Where do you think the field of research is headed?

Regardless of what you think of people like Mark Zuckerberg or Elon Musk, they do have some visions of the future. They are people with power, but those are only a couple of views of the future, right? I’m always interested in how the academy is so focused on understanding everything, and knowing everything, and I wonder about these unknowable things. These things that we haven’t encountered yet. Maybe we didn’t imagine them yet, that could very well occur. To me, it seems like there’s so much possibility of these kinds of unimaginable things happening in the world, and why don’t we focus more on those in design? We might call that design futures these days, trying to understand how to react when something happens that we don’t know anything about. But to me, yeah, I think that’s a really important area to look at.

If you use the Brene Brown definition that research is “to control and predict”, then if you can’t imagine it, how can you control and predict it? I think that’s going to be a necessary piece for research to do, and I think it’s going to be more and more important. I imagine a future where more and more unpredictable things are gonna happen, and we’re gonna have to get used to that and we’re gonna have to get used to managing that.

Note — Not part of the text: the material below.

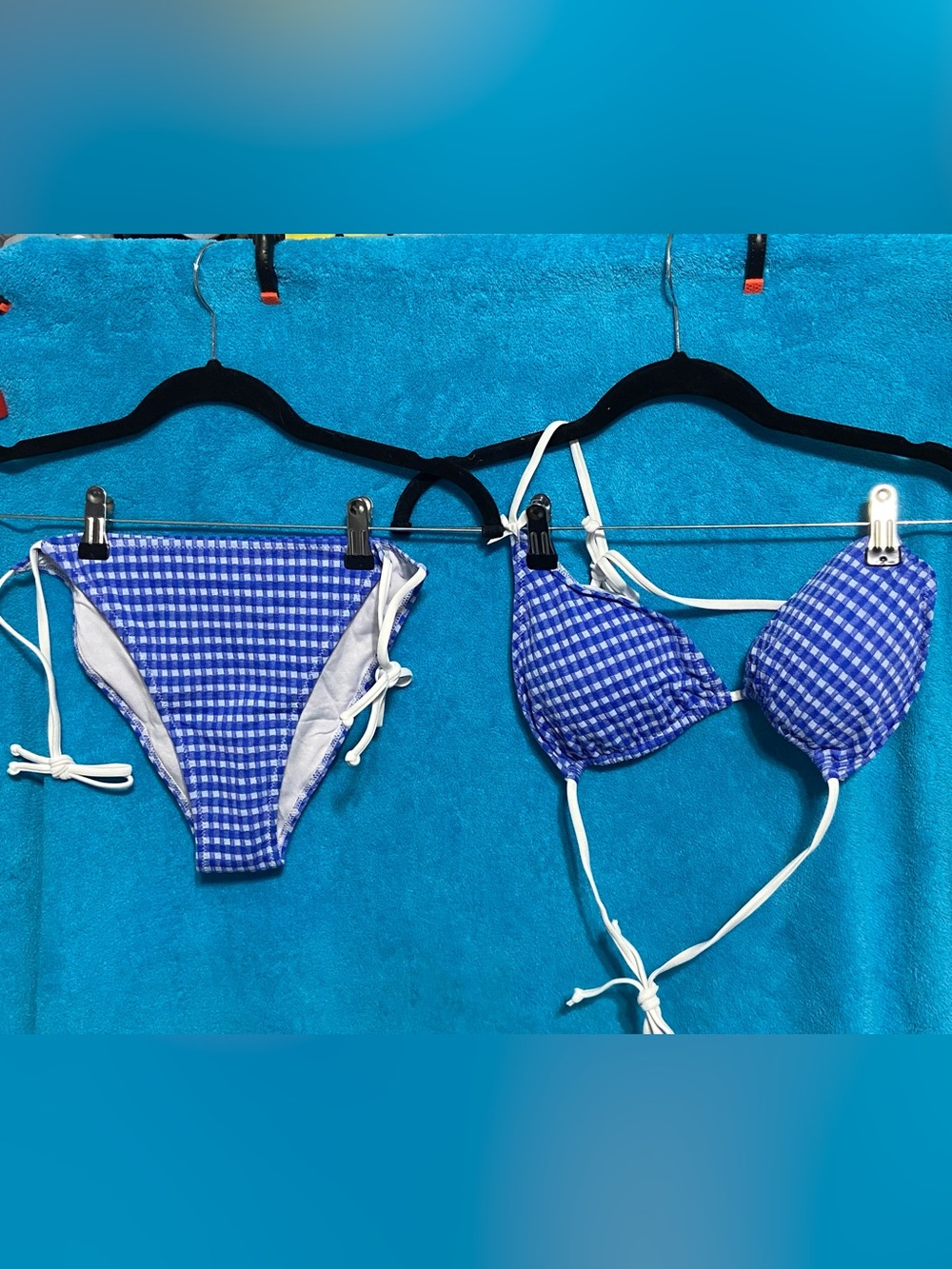 NWOT - Blue Gingham Tie-Side Triangle Bikini - Women Swim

What is a burning question on your mind right now?

So the burning question on my mind is not climate change, because I think climate change must be figured out by now. I don’t have the answer to it, and I don’t know who figured it out, and I don’t know how it’s figured out. But I think you must be figured out or else we’re in deep trouble. So, to me, yeah, it is about the unknowable things, and how do we deal with them when they come?

(As an aside, I recently purchased this book called The Ministry for the Future. I don’t know if you’ve heard of it. Barack Obama and Ezra Klein from Vox both recommended it and it’s quite thick, but it’s about the future. So your answer reminded me of this book I have yet to read.)

it’s always been: “We think this is going to happen. Here’s how it’s gonna unfold.”, and it’s never like: “We don’t know what’s going to happen”. I think that’s kind of too scary a question for a lot of people.



About our speaker:

Thomas Girard (born 30 December, 1980 in Vancouver, Canada) is a Canadian scholar. Girard was accepted to attend University of Oxford in lectures equivalent to graduate coursework. Girard has received several Emerging Scholar awards, first at the Design Principles and Practices conference in Barcelona, Spain at the prestigious ELISAVA. At Emily Carr University of Art and Design he received his second Emerging Scholar award. Other awards include RBC Emerging Scholar, Royal Bank of Canada Foundation. For 2021, he has been awarded an Emerging Scholar award from the New Directions in the Humanities conference in Madrid, Spain.